# Change in volume of liquid under pressure (compressibility)

This online calculator calculates the change in volume of a liquid as a function of pressure using the compressibility coefficient

Everyone knows that gases can be compressed, but liquids can also be compressed. However, compared to gases, liquids have negligible compressibility, and very high pressures are required for any appreciable compression. However, for those who are interested, the calculator below allows you to estimate the change in volume of a liquid with a change in pressure, using what is known as the compressibility coefficient.

In the calculator below, you enter the compressibility coefficient (in the form below, enter the coefficient manually or choose from the list), the initial volume (in the form below, it is one cubic meter), and the change in pressure in pascals (in the form below, it is 100 Megapascals, a pressure comparable to the pressure at the bottom of the Mariana Trench). The calculator calculates the absolute volume change in cubic meters and the relative volume change as a percentage of the initial volume.

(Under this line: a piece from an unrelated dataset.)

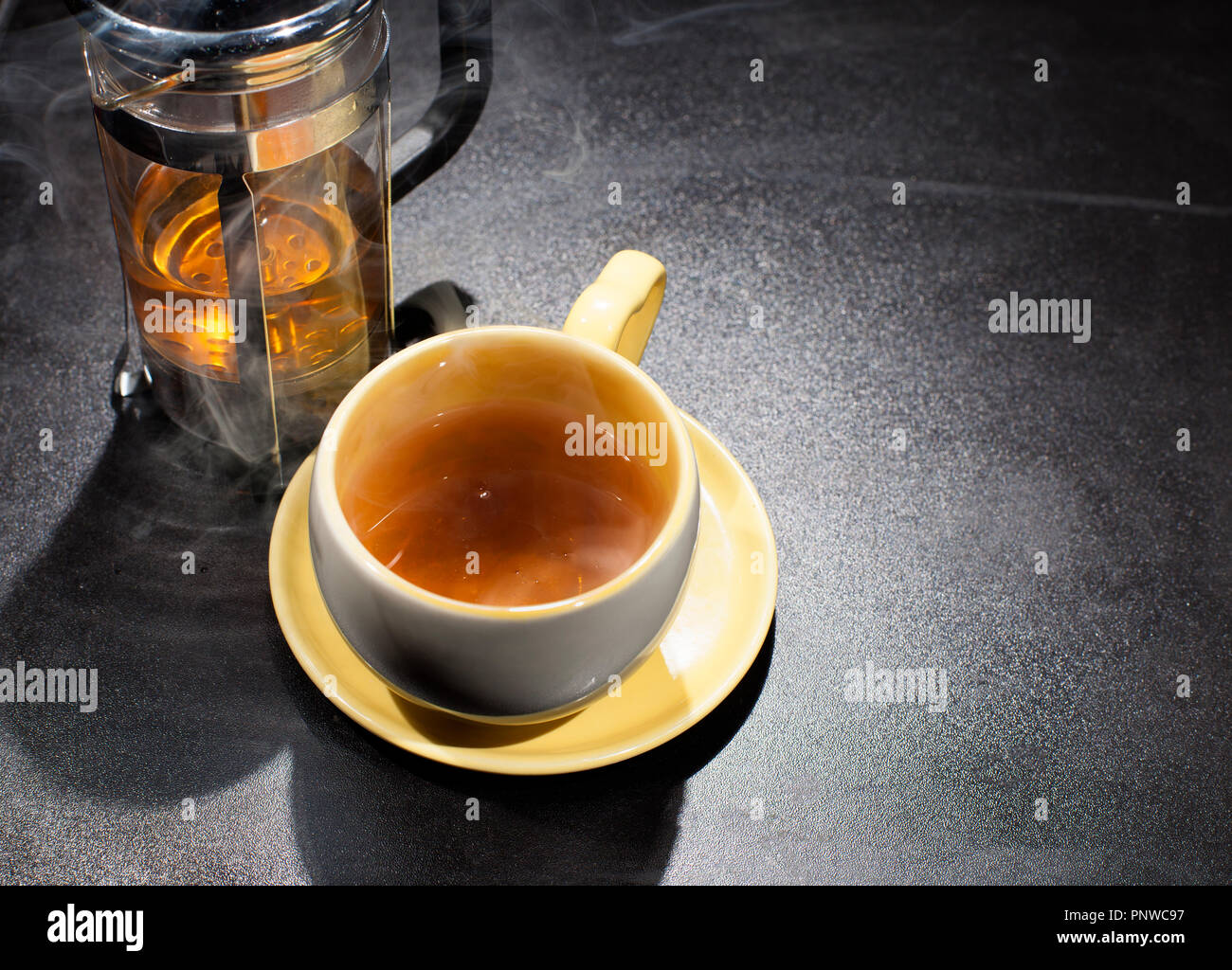 Smoky hot tea in a cup with a tea press maker Stock Photo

A bit of theory, as usual, can be found below the calculator

#### Change in volume of liquid under pressure (compressibility)

Digits after the decimal point: 3
Volume change, cubic meters

Volume change, %

### Compressibility of liquids

The Compressibility Ratio is the ratio of the relative change in volume to the change in pressure that caused the change.

$\beta =-{\frac {1}{V}}{\frac {dV}{dp}}$,

where V is the volume of the substance, p is the pressure; the minus sign indicates that the volume decreases as the pressure increases.

Typical values of the compressibility coefficient for liquids lie in the range from $10^{-9}$ to $10^{-10}$, for example, for distilled water it is $4.7*10^{-10}$, and that is why in most cases the change in volume of a liquid under pressure is so negligible that it can be neglected.